■ DATA
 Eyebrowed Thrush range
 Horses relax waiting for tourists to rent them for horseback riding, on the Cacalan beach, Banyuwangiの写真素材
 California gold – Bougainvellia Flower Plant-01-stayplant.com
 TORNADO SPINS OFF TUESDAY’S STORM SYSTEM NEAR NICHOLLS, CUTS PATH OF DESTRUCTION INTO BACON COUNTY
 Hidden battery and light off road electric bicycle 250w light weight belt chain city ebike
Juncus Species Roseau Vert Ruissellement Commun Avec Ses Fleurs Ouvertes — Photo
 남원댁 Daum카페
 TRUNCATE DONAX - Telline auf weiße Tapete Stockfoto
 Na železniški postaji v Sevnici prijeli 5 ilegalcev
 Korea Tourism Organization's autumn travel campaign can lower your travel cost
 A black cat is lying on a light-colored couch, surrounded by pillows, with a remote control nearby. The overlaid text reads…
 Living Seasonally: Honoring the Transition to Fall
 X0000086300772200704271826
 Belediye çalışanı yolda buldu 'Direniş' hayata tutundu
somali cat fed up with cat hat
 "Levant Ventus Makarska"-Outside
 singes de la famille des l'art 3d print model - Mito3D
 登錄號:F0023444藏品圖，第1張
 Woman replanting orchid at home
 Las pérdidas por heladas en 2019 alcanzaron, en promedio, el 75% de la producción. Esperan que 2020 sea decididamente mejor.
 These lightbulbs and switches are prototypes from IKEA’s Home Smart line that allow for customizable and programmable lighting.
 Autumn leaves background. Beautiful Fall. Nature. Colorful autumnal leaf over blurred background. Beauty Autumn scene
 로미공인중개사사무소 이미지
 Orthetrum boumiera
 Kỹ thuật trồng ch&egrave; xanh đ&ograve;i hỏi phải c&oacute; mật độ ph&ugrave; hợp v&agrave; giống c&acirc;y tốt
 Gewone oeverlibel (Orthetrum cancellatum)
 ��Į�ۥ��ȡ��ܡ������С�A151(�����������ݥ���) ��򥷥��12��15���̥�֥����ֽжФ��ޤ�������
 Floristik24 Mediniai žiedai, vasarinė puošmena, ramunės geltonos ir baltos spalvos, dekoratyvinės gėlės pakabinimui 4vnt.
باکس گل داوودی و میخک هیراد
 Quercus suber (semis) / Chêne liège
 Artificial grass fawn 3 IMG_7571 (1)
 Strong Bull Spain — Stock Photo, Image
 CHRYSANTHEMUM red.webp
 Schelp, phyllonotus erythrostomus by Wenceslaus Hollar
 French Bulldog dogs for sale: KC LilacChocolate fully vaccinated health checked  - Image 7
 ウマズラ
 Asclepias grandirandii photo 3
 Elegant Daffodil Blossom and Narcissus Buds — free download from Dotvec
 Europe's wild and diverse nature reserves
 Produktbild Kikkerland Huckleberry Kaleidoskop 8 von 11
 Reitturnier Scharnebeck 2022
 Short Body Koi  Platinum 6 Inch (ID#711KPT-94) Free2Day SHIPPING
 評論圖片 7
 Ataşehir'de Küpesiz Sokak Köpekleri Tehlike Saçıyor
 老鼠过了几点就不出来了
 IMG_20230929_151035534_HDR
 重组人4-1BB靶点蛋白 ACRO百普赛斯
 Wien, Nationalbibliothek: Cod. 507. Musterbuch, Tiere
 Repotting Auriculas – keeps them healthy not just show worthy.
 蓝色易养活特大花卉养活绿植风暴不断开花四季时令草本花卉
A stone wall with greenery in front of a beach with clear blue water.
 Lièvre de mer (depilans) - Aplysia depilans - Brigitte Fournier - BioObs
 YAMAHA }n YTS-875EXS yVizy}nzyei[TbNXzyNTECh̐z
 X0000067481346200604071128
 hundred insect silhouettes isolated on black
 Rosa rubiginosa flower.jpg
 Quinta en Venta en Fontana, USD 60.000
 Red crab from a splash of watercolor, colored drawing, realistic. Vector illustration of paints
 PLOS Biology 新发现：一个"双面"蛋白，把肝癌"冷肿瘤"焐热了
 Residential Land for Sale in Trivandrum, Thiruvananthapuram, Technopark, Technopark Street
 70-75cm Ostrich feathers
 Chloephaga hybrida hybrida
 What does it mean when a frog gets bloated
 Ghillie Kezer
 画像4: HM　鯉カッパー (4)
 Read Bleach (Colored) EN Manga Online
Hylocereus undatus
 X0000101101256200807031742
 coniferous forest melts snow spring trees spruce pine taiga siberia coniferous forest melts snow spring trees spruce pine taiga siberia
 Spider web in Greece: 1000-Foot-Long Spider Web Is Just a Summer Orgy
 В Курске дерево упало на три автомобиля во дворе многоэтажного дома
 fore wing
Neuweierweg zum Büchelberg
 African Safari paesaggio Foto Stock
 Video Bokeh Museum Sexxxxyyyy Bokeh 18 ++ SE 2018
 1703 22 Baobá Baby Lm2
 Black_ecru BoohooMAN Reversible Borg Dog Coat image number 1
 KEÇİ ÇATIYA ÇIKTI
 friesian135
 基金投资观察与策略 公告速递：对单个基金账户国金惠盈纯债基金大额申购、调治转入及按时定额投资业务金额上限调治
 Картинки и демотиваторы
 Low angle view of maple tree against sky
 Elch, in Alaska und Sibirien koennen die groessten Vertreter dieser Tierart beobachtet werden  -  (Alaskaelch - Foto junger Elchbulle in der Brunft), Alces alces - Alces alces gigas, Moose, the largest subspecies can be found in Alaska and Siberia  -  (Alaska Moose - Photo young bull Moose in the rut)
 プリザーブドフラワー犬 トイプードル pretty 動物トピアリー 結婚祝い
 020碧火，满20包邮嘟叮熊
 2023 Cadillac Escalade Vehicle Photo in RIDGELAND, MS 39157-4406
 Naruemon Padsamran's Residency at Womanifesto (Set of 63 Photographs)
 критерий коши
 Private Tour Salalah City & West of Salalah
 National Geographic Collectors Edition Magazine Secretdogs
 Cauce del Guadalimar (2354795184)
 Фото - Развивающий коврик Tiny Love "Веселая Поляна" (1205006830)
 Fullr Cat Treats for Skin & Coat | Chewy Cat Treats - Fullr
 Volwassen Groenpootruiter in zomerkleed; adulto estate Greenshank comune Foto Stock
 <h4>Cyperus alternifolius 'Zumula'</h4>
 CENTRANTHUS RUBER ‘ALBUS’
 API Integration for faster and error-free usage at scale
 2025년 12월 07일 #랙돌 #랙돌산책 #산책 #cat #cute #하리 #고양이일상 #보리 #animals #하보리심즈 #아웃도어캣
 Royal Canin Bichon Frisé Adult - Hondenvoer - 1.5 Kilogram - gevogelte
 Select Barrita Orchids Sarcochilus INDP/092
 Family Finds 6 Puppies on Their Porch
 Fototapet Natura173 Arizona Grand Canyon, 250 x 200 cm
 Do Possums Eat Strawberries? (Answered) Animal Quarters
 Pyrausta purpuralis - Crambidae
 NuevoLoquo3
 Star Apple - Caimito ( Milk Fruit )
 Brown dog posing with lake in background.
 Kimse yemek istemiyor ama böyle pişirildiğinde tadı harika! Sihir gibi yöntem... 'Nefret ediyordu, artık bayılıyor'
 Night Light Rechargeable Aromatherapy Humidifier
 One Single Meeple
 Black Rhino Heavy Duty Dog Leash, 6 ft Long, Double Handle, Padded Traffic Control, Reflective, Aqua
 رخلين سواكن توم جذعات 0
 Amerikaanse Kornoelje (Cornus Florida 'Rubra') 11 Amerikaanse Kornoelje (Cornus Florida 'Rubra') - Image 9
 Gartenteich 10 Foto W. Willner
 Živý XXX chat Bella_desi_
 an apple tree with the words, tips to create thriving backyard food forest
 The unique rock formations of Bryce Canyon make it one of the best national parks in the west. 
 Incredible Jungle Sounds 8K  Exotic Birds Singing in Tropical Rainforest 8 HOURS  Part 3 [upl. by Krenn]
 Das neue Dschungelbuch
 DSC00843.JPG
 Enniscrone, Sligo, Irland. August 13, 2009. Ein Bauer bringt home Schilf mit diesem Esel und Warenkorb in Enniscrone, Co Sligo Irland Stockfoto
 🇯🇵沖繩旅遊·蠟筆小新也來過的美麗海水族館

■ TASK TO CARRY OUT
Report each line of the listing above that uses the word "Long".

■ REPLY
 Spider web in Greece: 1000-Foot-Long Spider Web Is Just a Summer Orgy
 Black Rhino Heavy Duty Dog Leash, 6 ft Long, Double Handle, Padded Traffic Control, Reflective, Aqua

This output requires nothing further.